[Records]
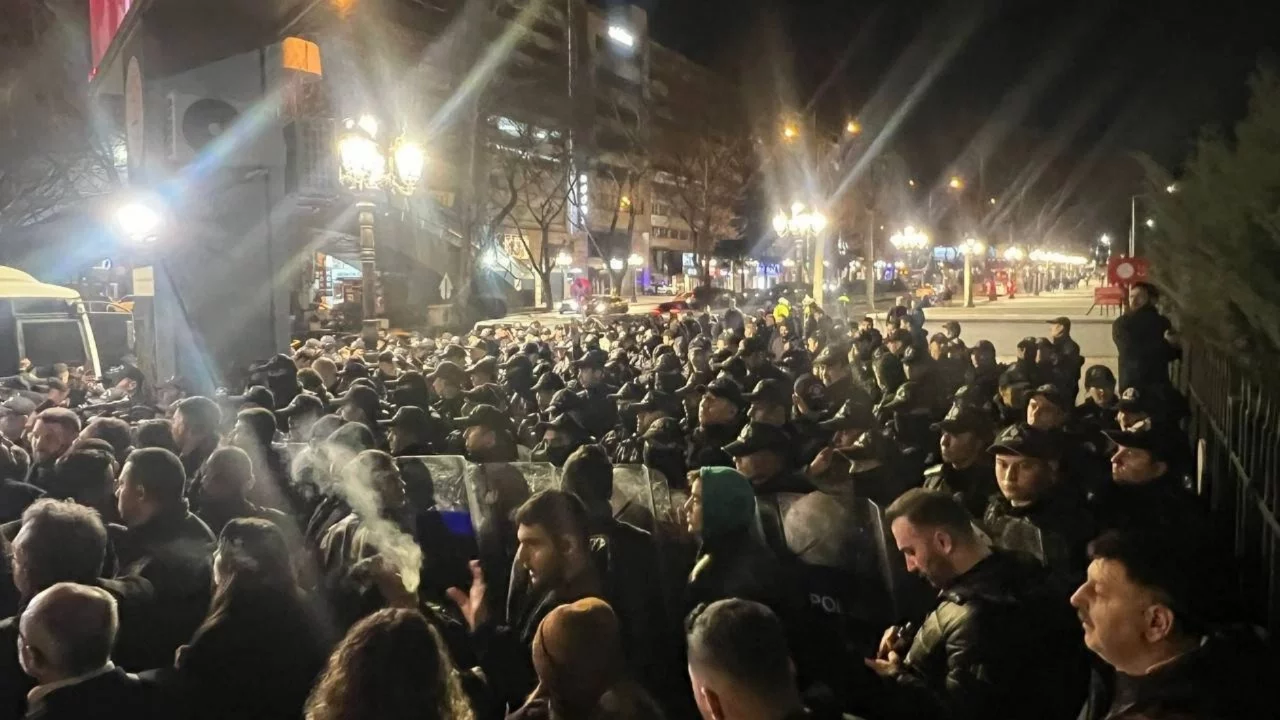 Ümit Erkol'un tutuklanmasına tepki için düzenlenen yürüyüşe polis müdahale etti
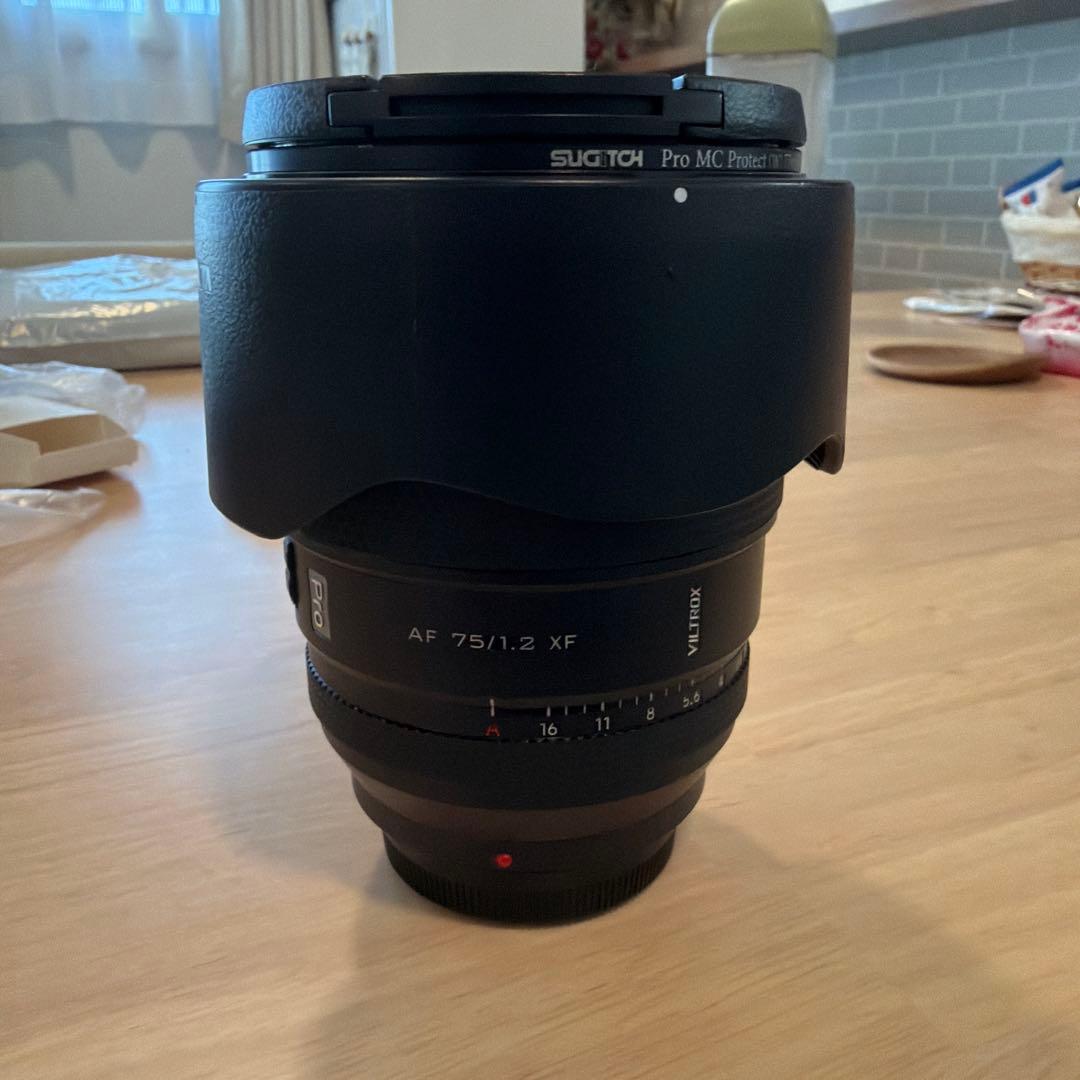 VILTROX AF 75mm f/1.2 レンズ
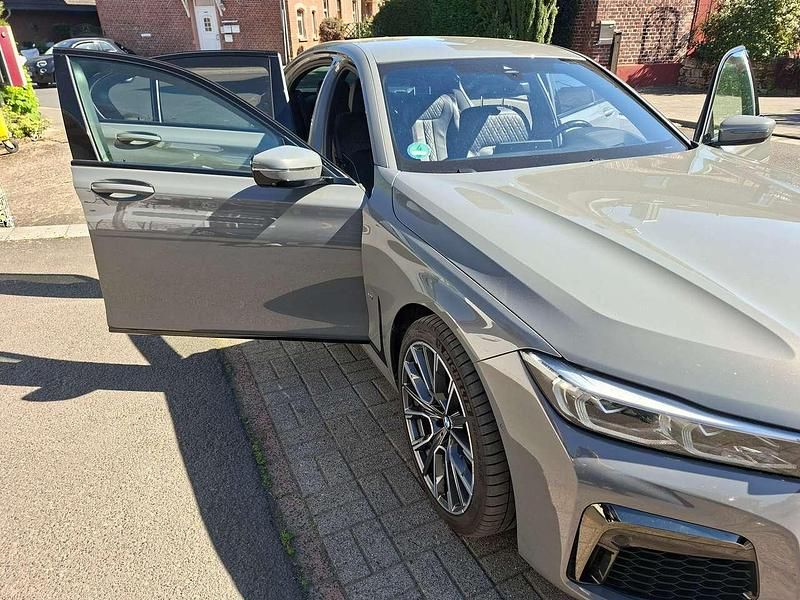 Gebraucht BMW 750 530 PS (389 kW) 2021 Grau Limousine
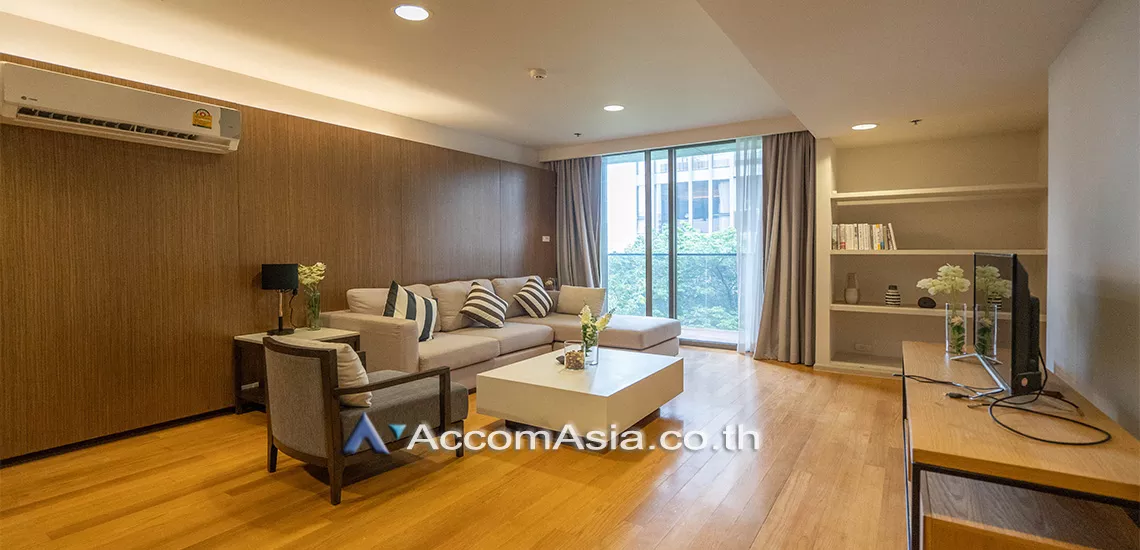  2 Bedrooms  Apartment For Rent in Sukhumvit, Bangkok  near BTS Phrom Phong (AA21057)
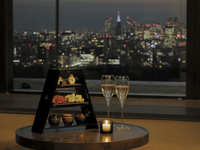 [Window seat] Twilight Champagne (bottle of champagne and snack stand) *For 2 people (price is for 1 person)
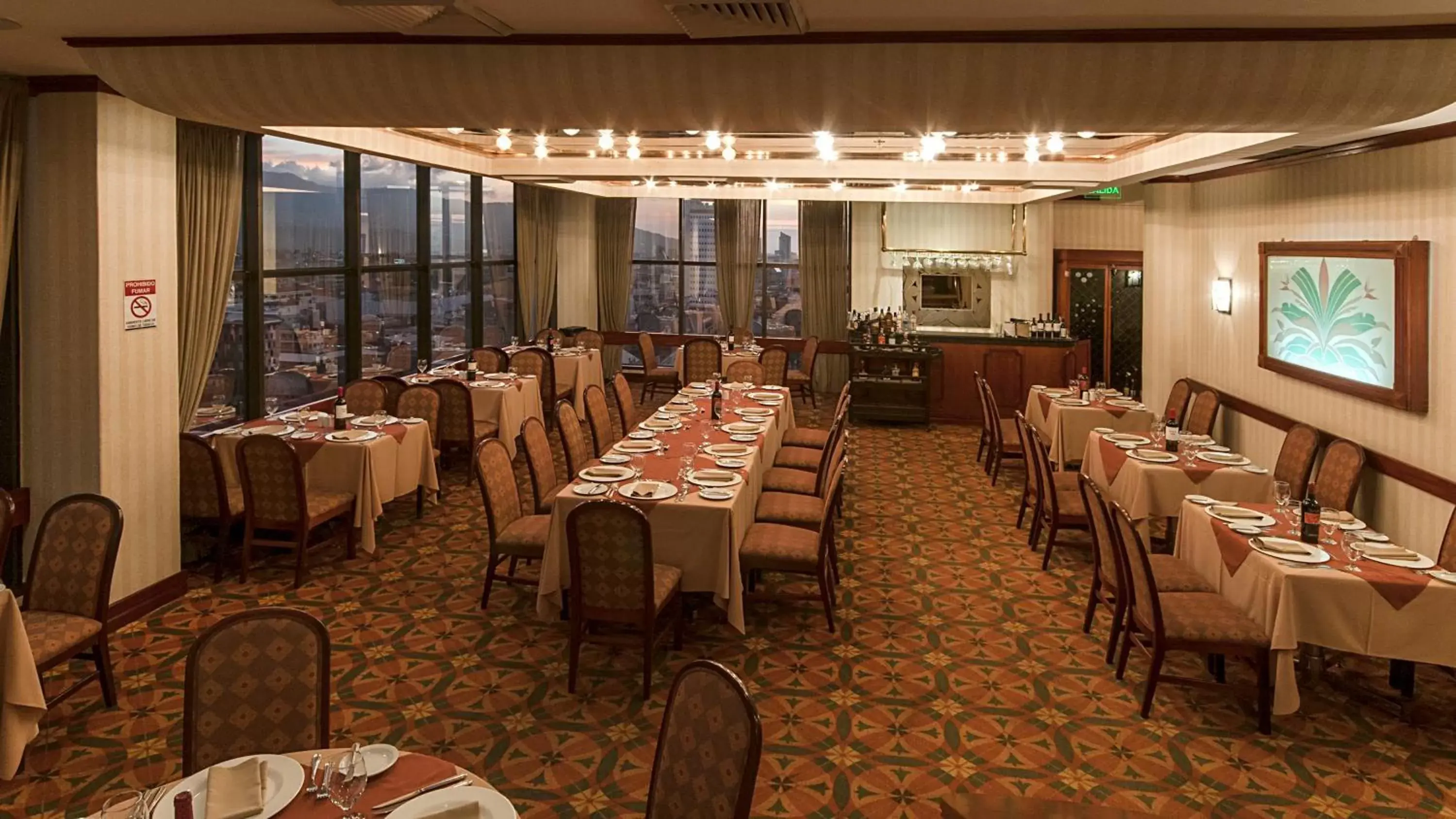 Restaurant/Places to Eat in Holiday Inn San Jose Aurola, an IHG Hotel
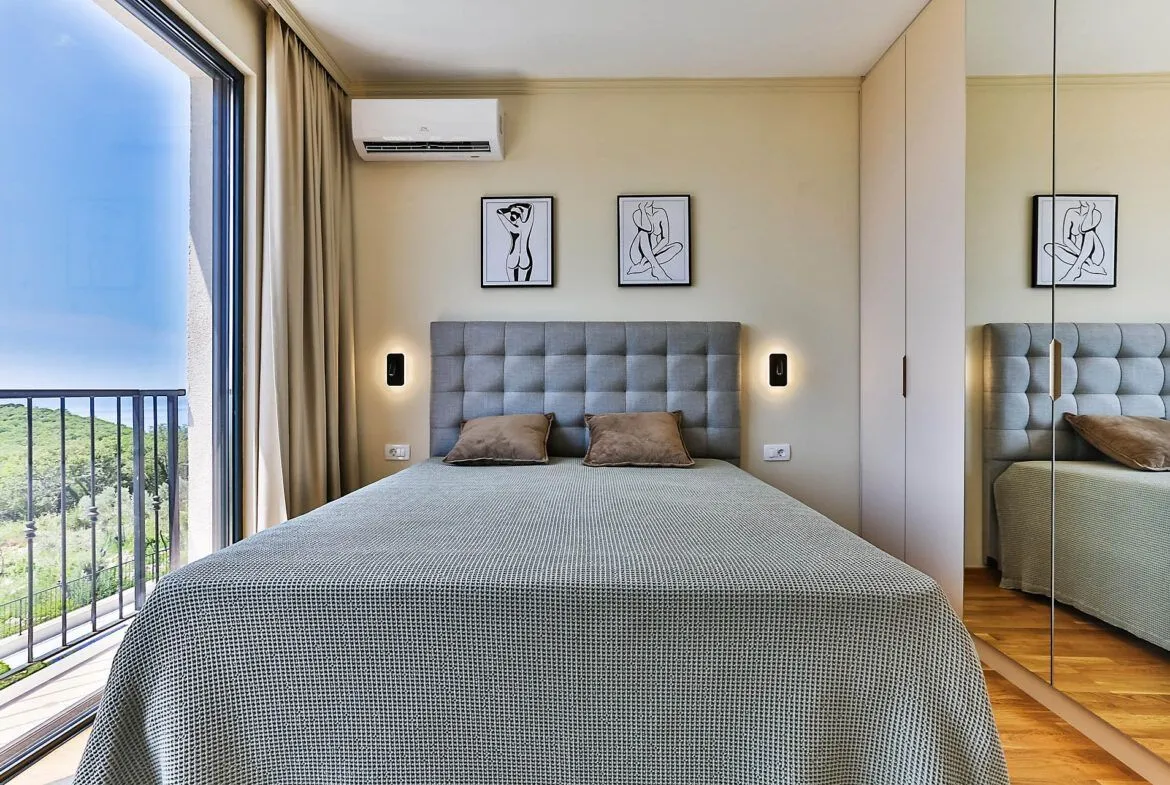 Sale, house, 220m², Reževići, Budva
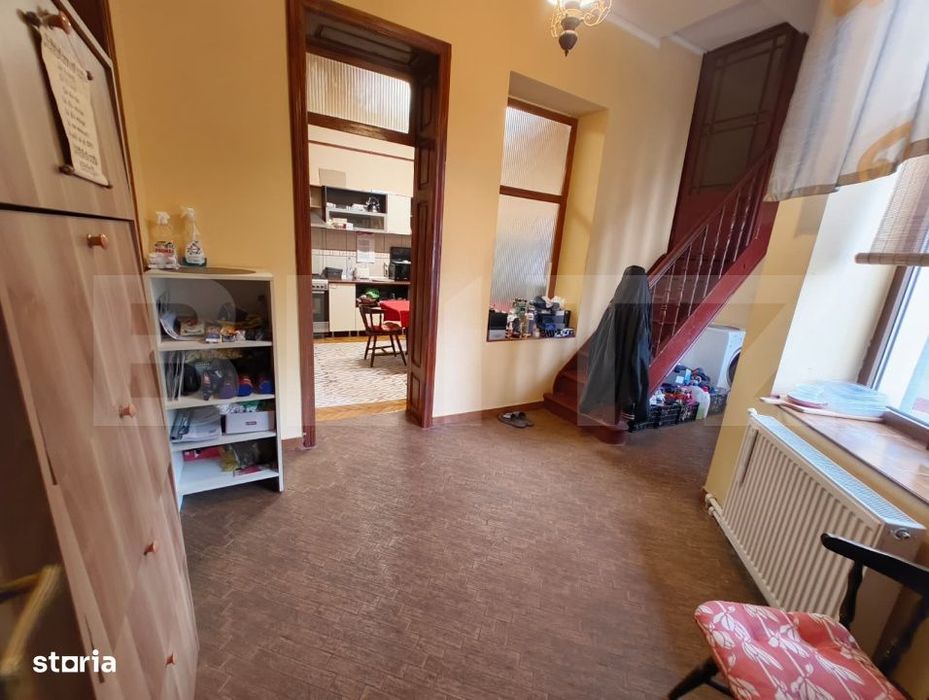 Casa de vanzare, 240 mp, zona Centru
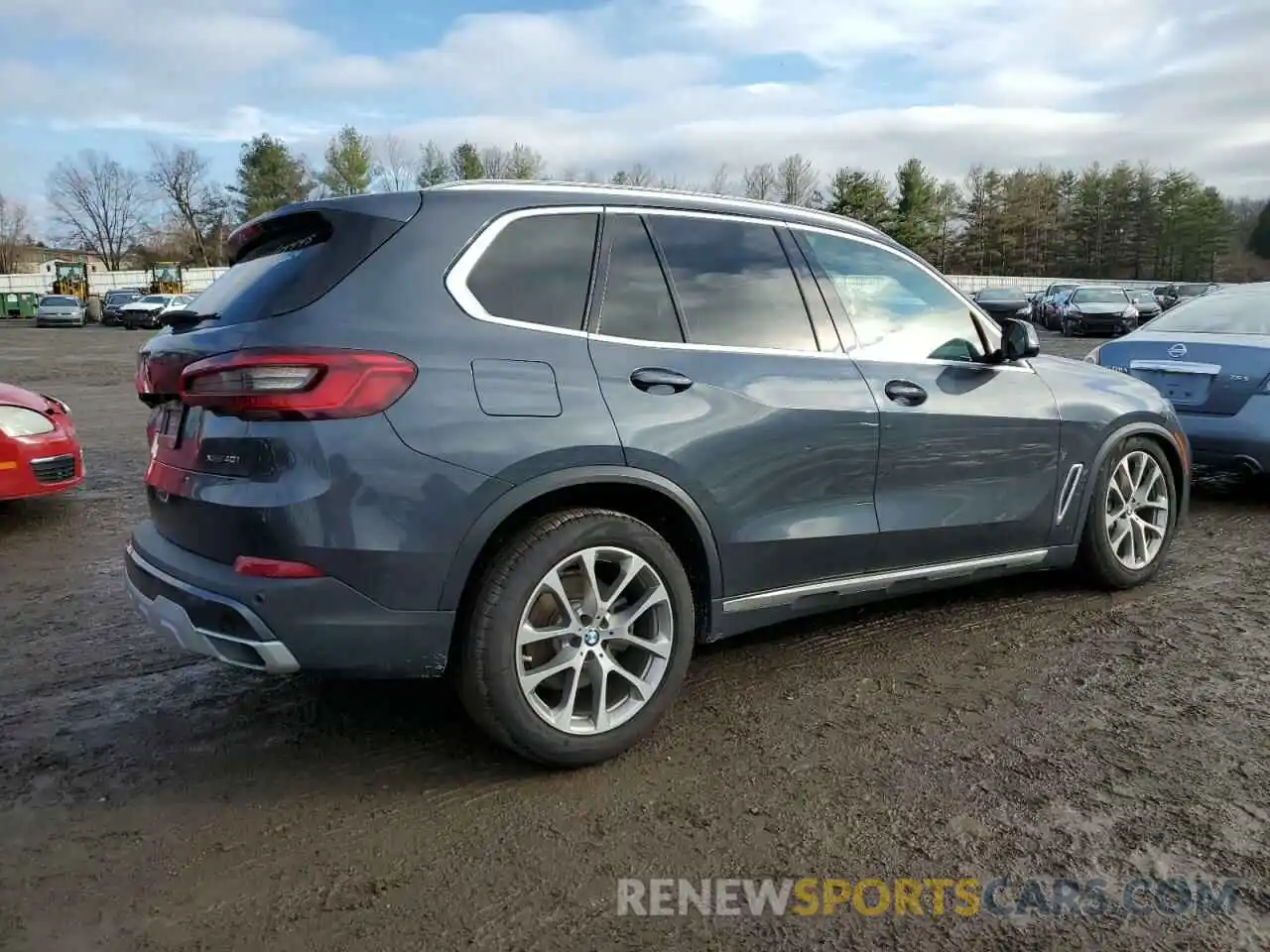 3 Photograph of a damaged car 5UXCR6C50KLL23204 BMW X5 2019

[Work required] What is needed is an exact copy of the lines from the one containing "Phrom Phong (AA21057)" through the last line of the records, with every picture left out.

[Result of the exercise]
  2 Bedrooms  Apartment For Rent in Sukhumvit, Bangkok  near BTS Phrom Phong (AA21057)
 [Window seat] Twilight Champagne (bottle of champagne and snack stand) *For 2 people (price is for 1 person)
 Restaurant/Places to Eat in Holiday Inn San Jose Aurola, an IHG Hotel
 Sale, house, 220m², Reževići, Budva
 Casa de vanzare, 240 mp, zona Centru
 3 Photograph of a damaged car 5UXCR6C50KLL23204 BMW X5 2019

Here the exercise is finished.